The primary reason e-commerce merchants want to accept PIN debits is the savings. As I explained in this article I posted several months ago, brick-and-mortar merchants with high-dollar average sales can save considerable amounts by requesting PIN numbers from customers. But the PCI rules requiring that the debit card be swiped through a magnetic card reader and that the PIN number be encrypted have kept online merchants from participating.

In her June 2009 article for Transaction Trends magazine, Julie Ritzer Ross profiles software and hardware developers that are on the leading edge of finding a workable solution. PaySecure, from Atlanta-based Acculynk, is currently being tested by some of the largest players in the debit network business: ACCEL, NYCE, and Pulse. PaySecure’s software will place a floating “keypad” on a shopper’s screen, receive the PIN, scramble and encrypt it, and then pass it along to the appropriate network. Hardware developer, HomeATM ePayment Solutions, recently introduced Safe-T-PIN, a small and inexpensive USB card reader that allows consumers to swipe their own credit cards while shopping online. It’s going to be the combination of these, or similar, software and hardware components that eventually makes online PIN debits a reality.

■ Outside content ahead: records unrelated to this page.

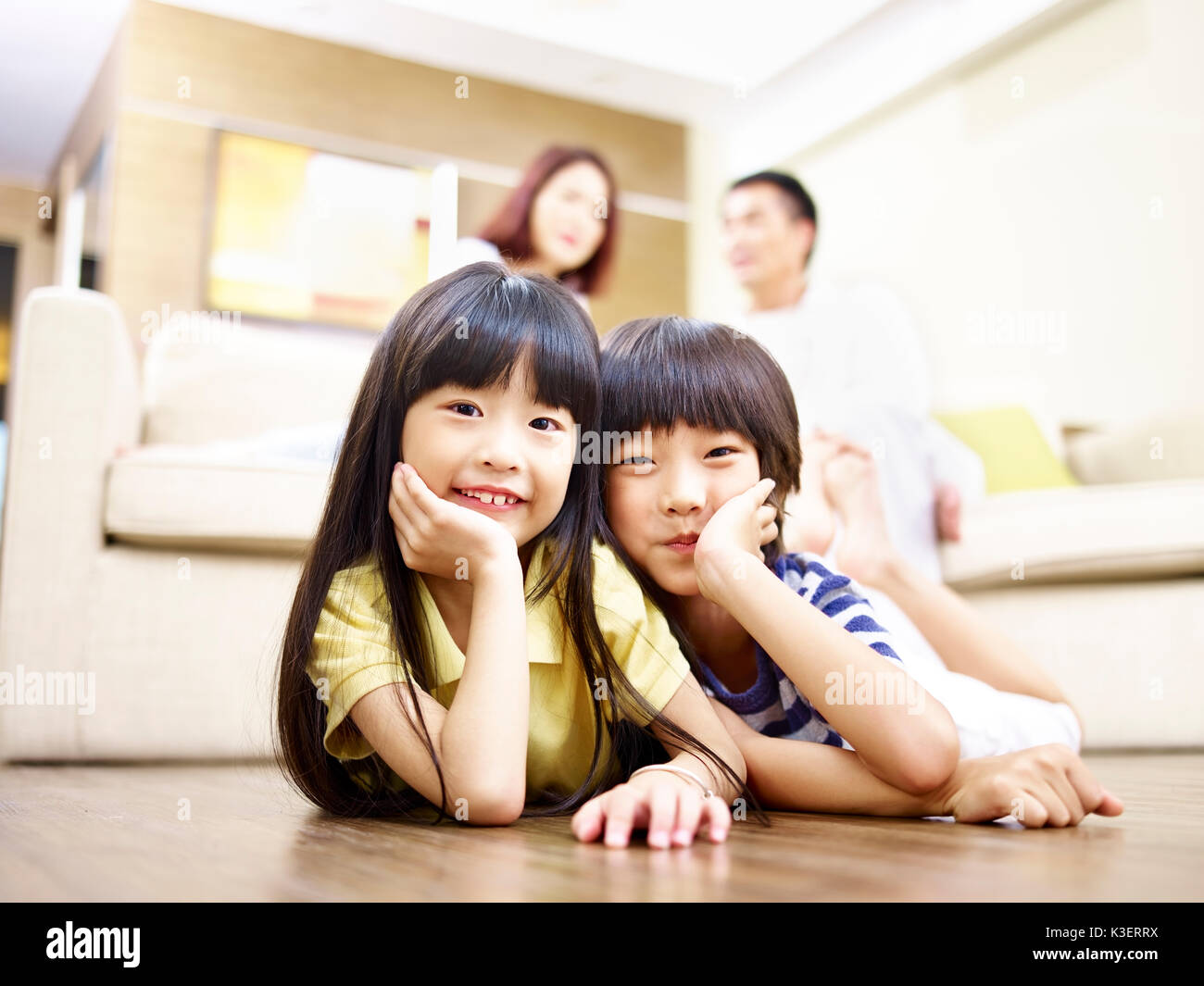 Frère et soeur d'asie se trouvant à l'avant sur le plancher avec les parents dans l'arrière-plan. Banque D'Images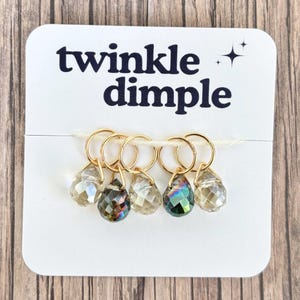 May include: A white card with the text "twinkle dimple" and five gold-colored hoop earrings, each with a faceted, teardrop-shaped crystal pendant. The crystals are clear, smoky, and iridescent. The earrings are attached to the card with a white string.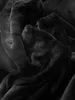 A close-up, abstract view of a black, plush fabric, likely a blanket or bedsheet, showing its soft texture and folds. Produktbild-Vorschau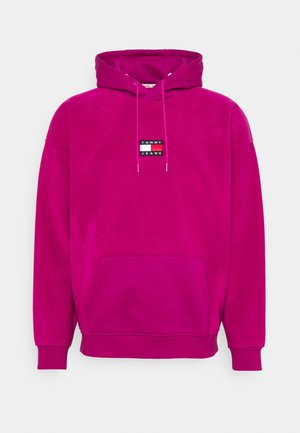 Magenta Hoodie mit Fronttasche, verstellbarem Kordelzug an der Kapuze, gerippten Bündchen und kleinem Tommy Jeans Logo-Patch auf der Brust.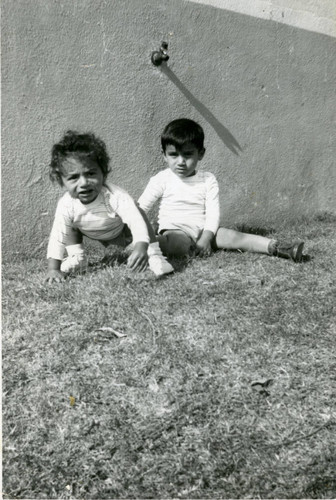 Two Muñoz brothers sitting on the grass, East Los Angeles, California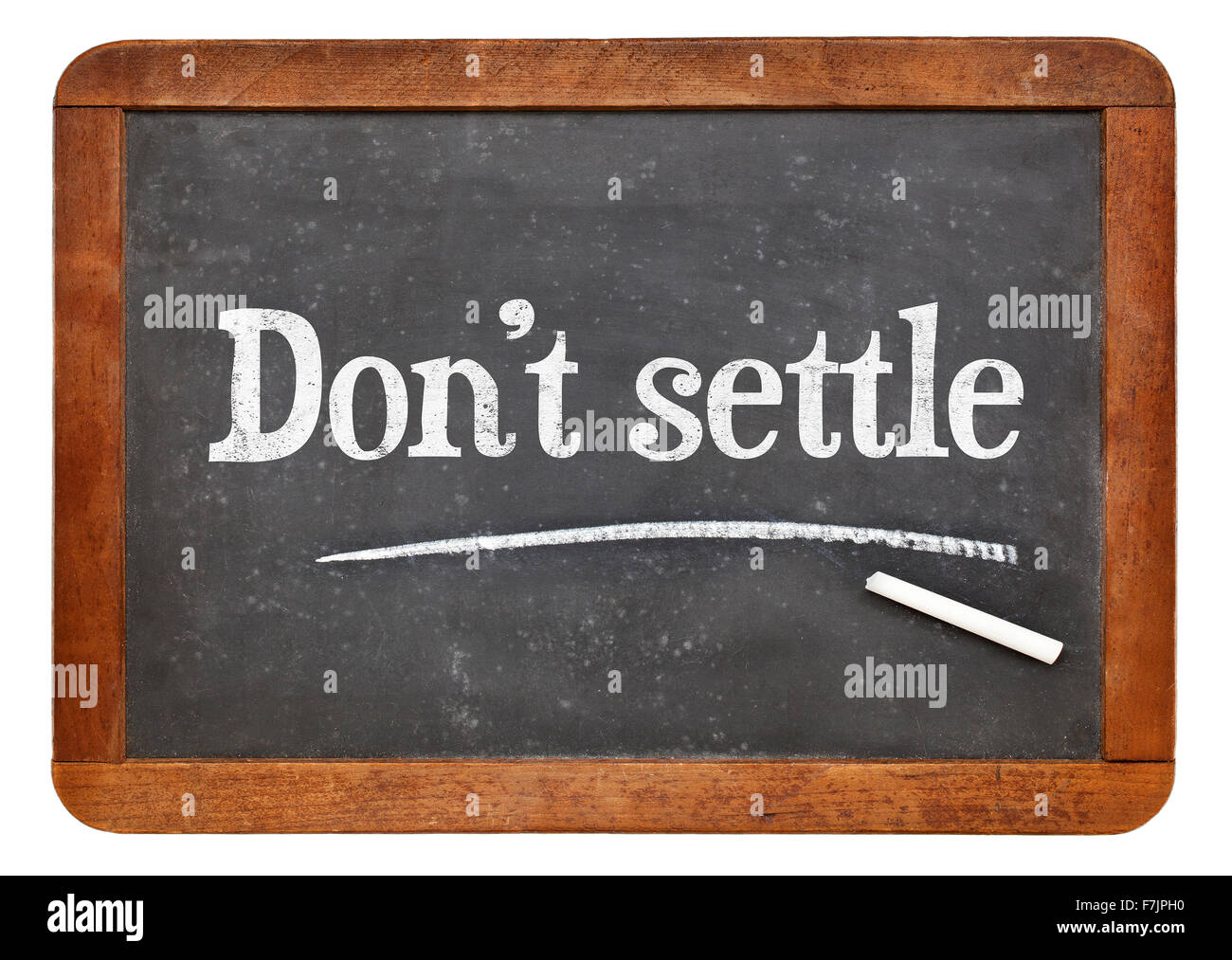 Do not settle - motivational advice in white chalk on a vintage slate blackboard Stock Photo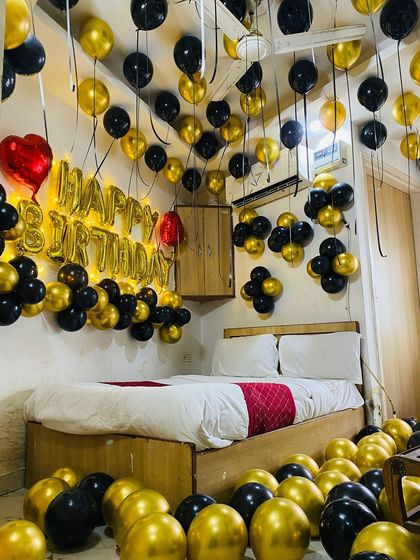 A luxurious black and gold themed birthday decoration. The room is filled with balloons on the floor and ceiling, with illuminated "Happy Birthday" foil letters above the bed.
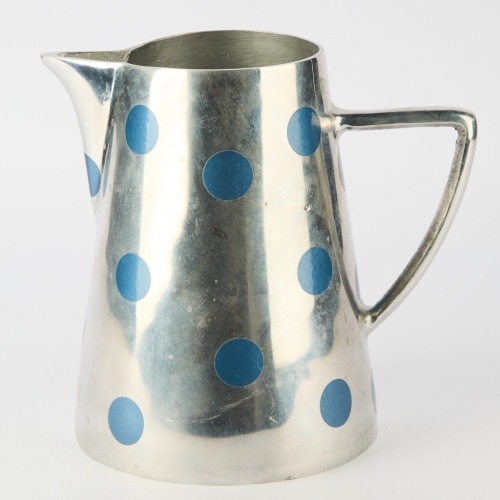 A Large Pewter Jug with Blue Circles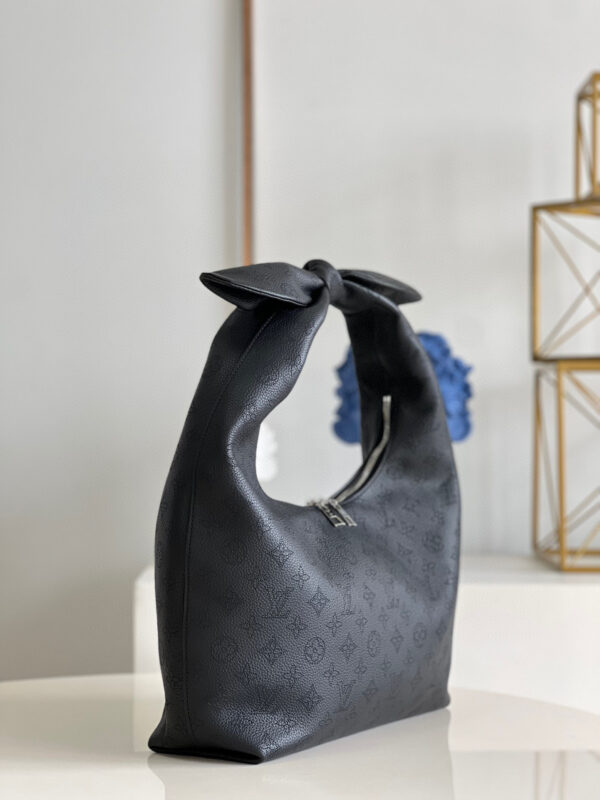 Louis Vuitton Why Knot MM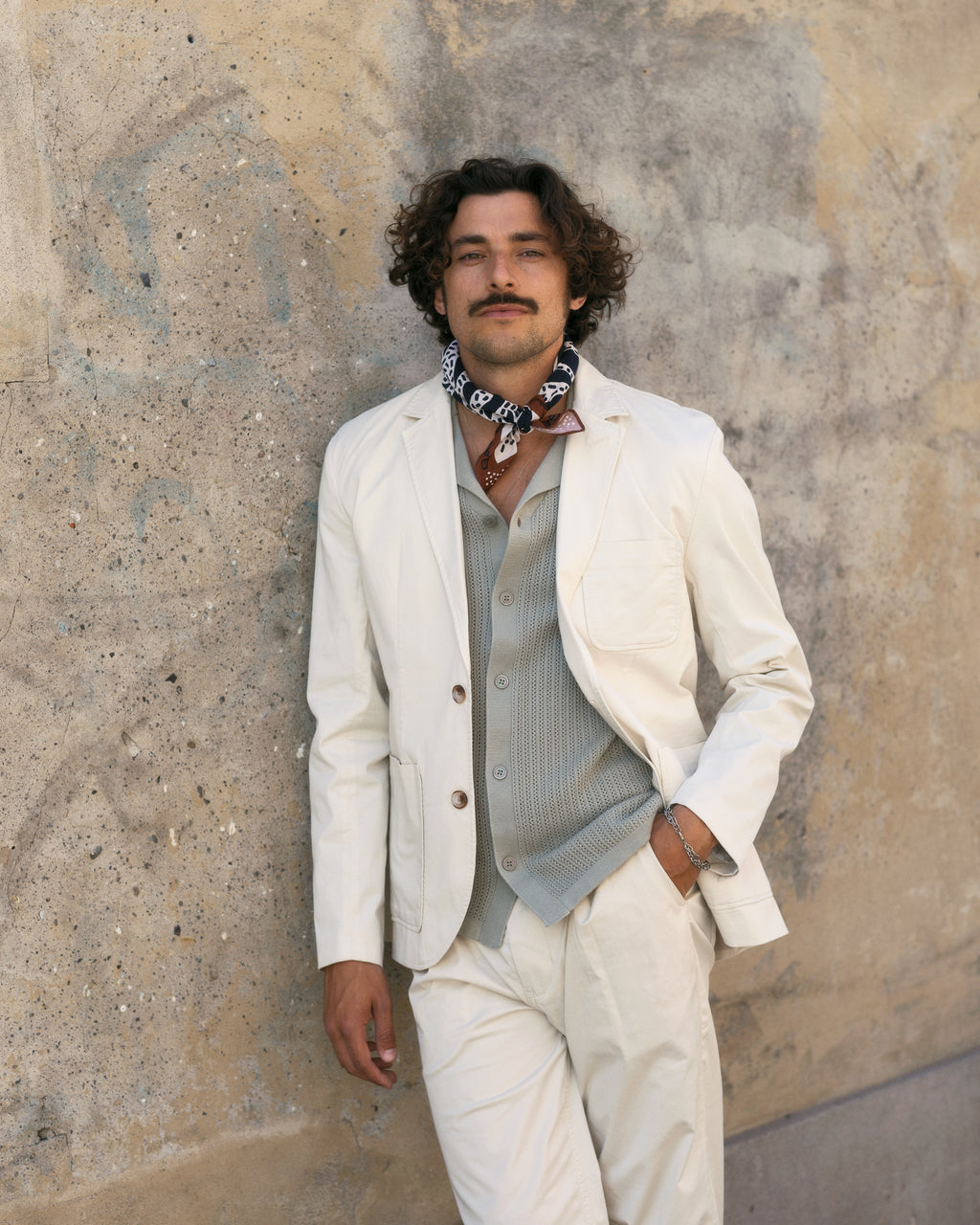 A person with curly hair and a mustache leans against a textured concrete wall, sporting the Josh Unite - Beige blazer by Gabba in a regular fit, paired with a buttoned-up cotton stretch shirt and an elegantly draped patterned scarf.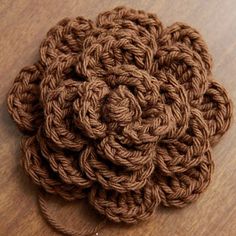 a crochet flower on a wooden surface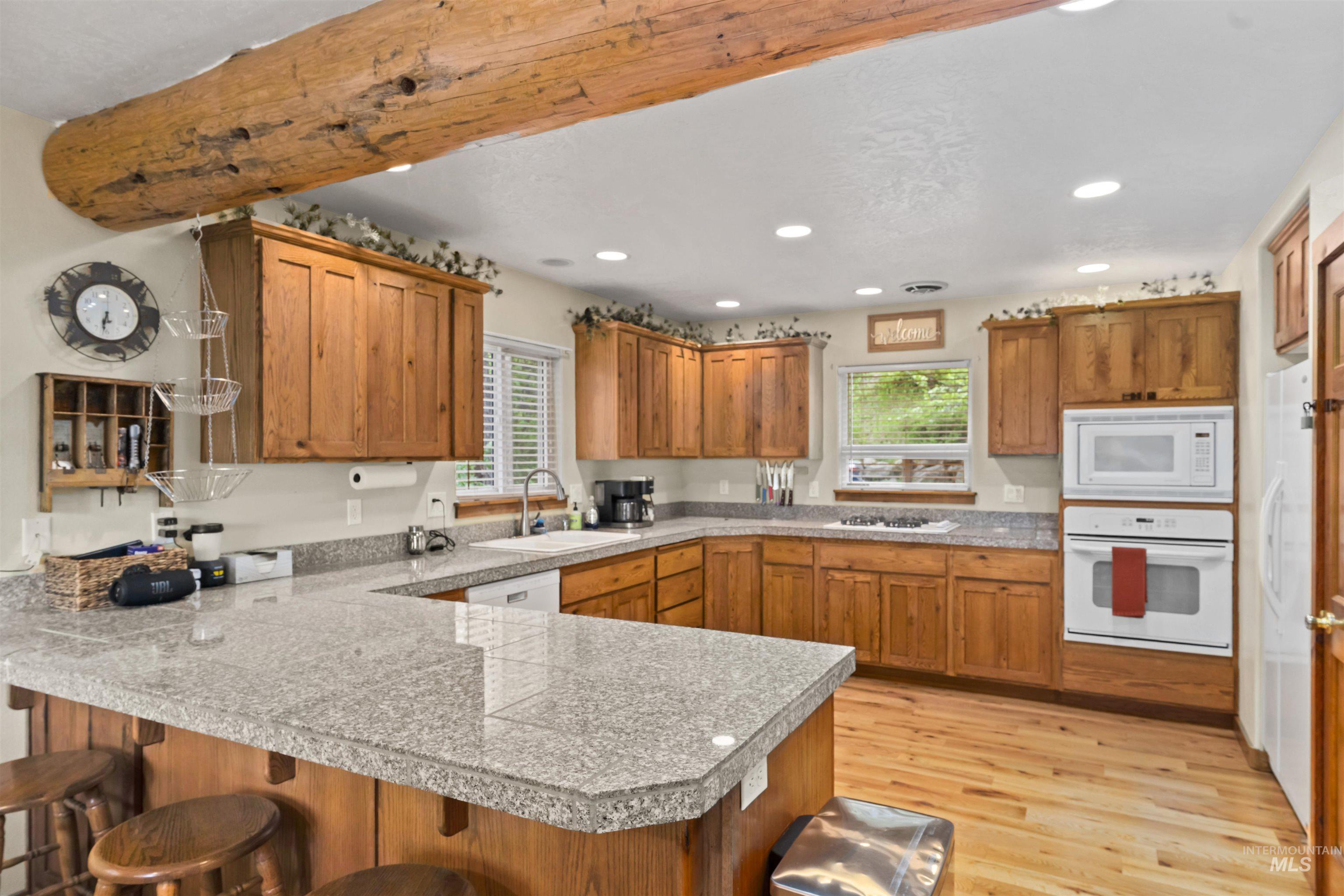 9 Deer Valley Road Garden Valley, ID 83622 - Photo 11 of 22 Kitchen featuring a U-shaped granite-finish countertop, light wood cabinetry, wood-finish flooring, recessed lighting, and a prominent exposed wood beam
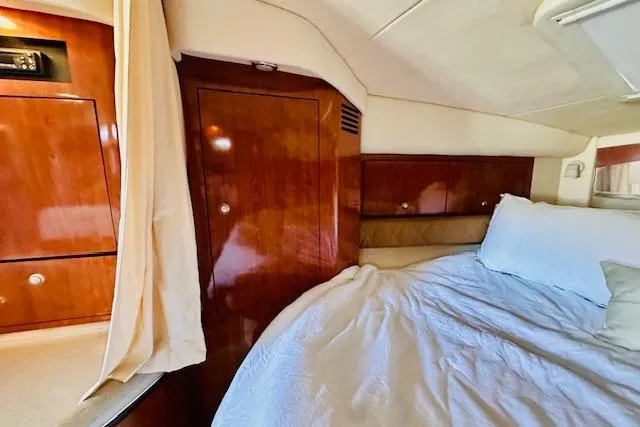 Slide: The Image of Luxurious cabin interior of 2006 Sea Ray 340 Sundancer with wood finish and cozy bedding. - 29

But before you rewrite the payment options in your e-commerce shopping cart, keep reading. Before credit card processors will begin supporting these solutions, they’ll need to feel pressure from their merchants. And for merchants, the pressure will have to originate with their customers, since it’s the consumers who’ll purchase the hardware. So, in the end, it’s going to depend on when and how widely the American consumer adapts to this new technology.

You’re probably asking, “Why would consumers want to purchase this equipment anyway?” After all, it’s the merchants who will reap the cost savings, not the consumers. According to Ross, PIN debit payments offer shoppers “perceived security.” Among the 550 shoppers who participated in the testing of PaySecure’s software, a whopping 79% of them said they felt more secure shopping online with their PIN than without it. Economic conditions may be another force that drives consumers to adopt online PIN debits. In a time when many shoppers lack the ability or the will to pile more debt onto their credit cards, debit cards are becoming their preferred payment methods. The thought of compromising their debit card (in effect, their entire checking account) may spur the acceptance of online PIN debits by consumers.

When this technology finally does make its way into the homes of America’s shoppers, it will be a day for merchants to celebrate. It’s rare that something comes along that benefits business owners more than consumers or credit card companies. And with the struggles of the past year, it’s about time merchants caught a break!